Um grupo de japoneses se recusa a acreditar que o Japão assinou o tratado de rendição na Segunda Guerra Mundial, em 1945. Eles então formam uma seita e eliminam dezenas de compatriotas, considerados traidores por acreditarem na notícia, certamente forjada por inimigos. É o enredo de um filme, mas esta história é real. E aconteceu bem aqui, na comunidade de imigrantes de São Paulo e do norte do Paraná, a maior fora do Japão. Essa disputa ficou muito bem escondida até 2000, quando foi contada no livro "Corações sujos", de Fernando Morais. O longa-metragem dirigido por Vicente Amorim tem o mesmo título e deve estrear nas telonas no dia 28 de outubro.
“Corações sujos” era o apelido dado aos japoneses considerados traidores. Não era fácil ser um deles. As ameaças iam de cartas recomendando o suicídio a pichações na fachada de casa avisando que seriam executados. Isso em plena década de 1940. “Eles levavam um punhal. Se a pessoa não se suicidasse, eles a matavam e em seguida se entregavam à polícia. Eles forjavam até a carta de suicídio. Isso só acabou quase dois anos depois, com a prisão de cerca de 30 mil pessoas”, explica o jornalista Fernando Morais.
Essa situação foi gerada, em parte, pelo isolamento da comunidade japonesa. “Eles vieram para o Brasil só para fazer um pé-de-meia e voltar. Esse fato, somado ao racismo dos brasileiros, fez com que se isolassem. A maioria sequer entendia o português”, conta Morais. No entanto, não dá para se entender totalmente quais foram as causas, já que os próprios imigrantes não falam a fundo sobre o assunto. “No início, enfrentei muita resistência quando tentei conversar com eles. Com o tempo, acabaram ajudando. Acho que eles têm certo pudor de admitir que pelo menos metade da colônia não acreditava na derrota do Japão. Talvez o livro e o filme possam funcionar como uma espécie de exorcismo”, diz o jornalista.O longa de Vicente Amorim foi baseado no livro de Morais, mas é uma ficção. “É um thriller, uma história de amor inspirada no livro. Os personagens são uma mistura de todos os imigrantes com quem conversamos e sobre os quais lemos nos mais de dois anos de pesquisa”, explica Amorim.
No elenco há nomes como Shun Sugata, de “O Último Samurai” (2003), e Tsuyoshi Ihara, protagonista de “Cartas de Iwo Jima” (2006), de Clint Eastwood.
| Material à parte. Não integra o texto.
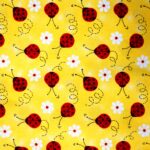 Ladybugs and flowers pattern on yellow background.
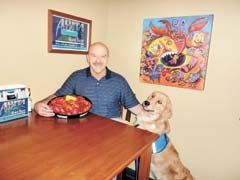 Hebert’s owner Ed Richard tempts Casey, a Therapetics service dog trainee, with a sampling of authentic Cajun crawfish featured during Crawfish Festival 2011.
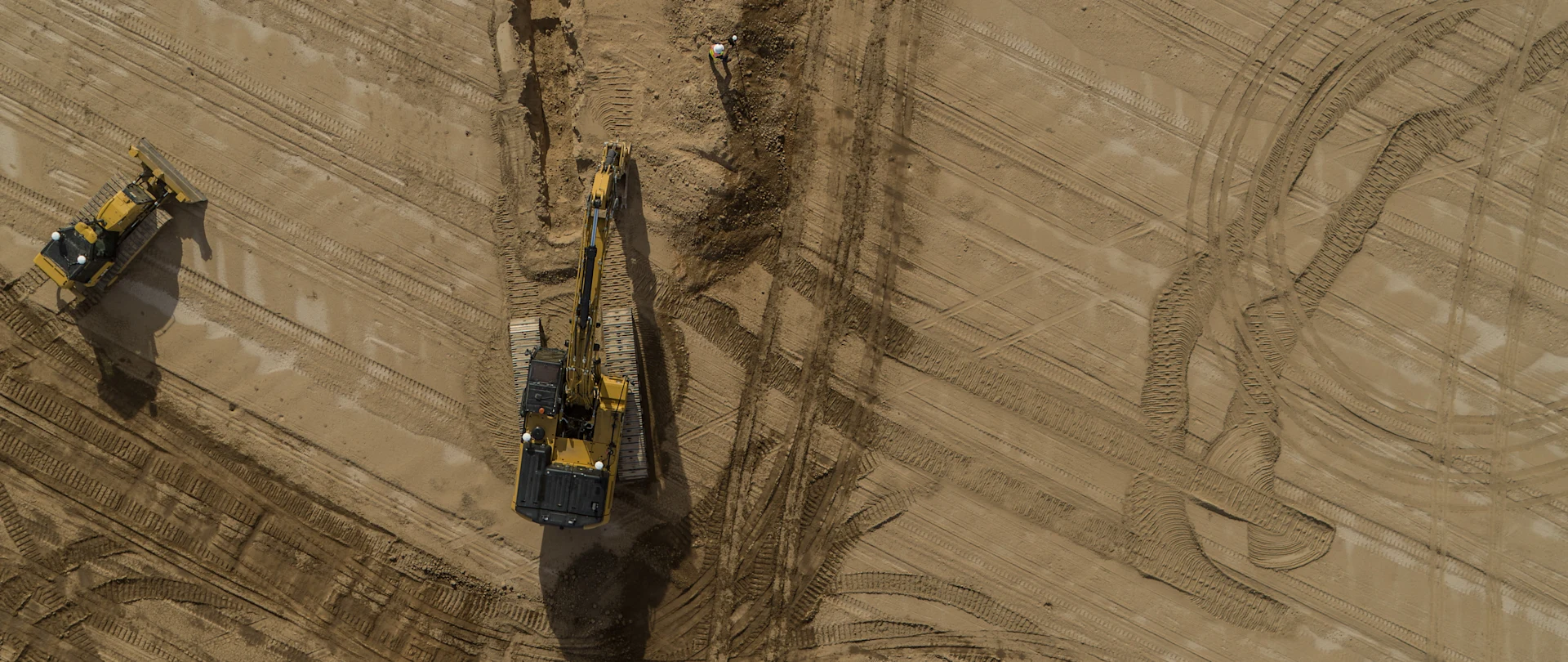 Aerial view of an excavator and bulldozer on a sandy construction site, featuring Trimble Earthworks machine control technology.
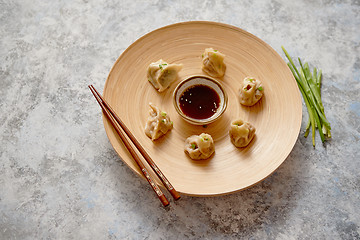 Image showing Delicious chinese dumplings served on wooden plate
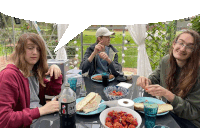 three people are sitting at a table with a bottle of pepsi on it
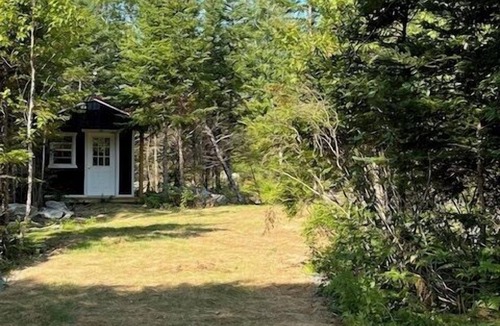 Liscomb Cabin | One Room Cabin with a double bed and small table with two chairs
Quase todos os atores são japoneses. “Queríamos atores que falassem japonês perfeitamente e que, ao mesmo tempo, tivessem apelo comercial no Japão. Estamos negociando a distribuição do filme lá. Eles pouco sabem sobre a imigração para o Brasil e muito menos sobre a história dos corações sujos”, diz o diretor. Por enquanto, o filme tem agradado no Japão e aqui no Brasil também. Fernando Morais viu uma prévia e aprovou a adaptação. Agora, é esperar para saber a opinião dos descendentes dos reais protagonistas dessa história.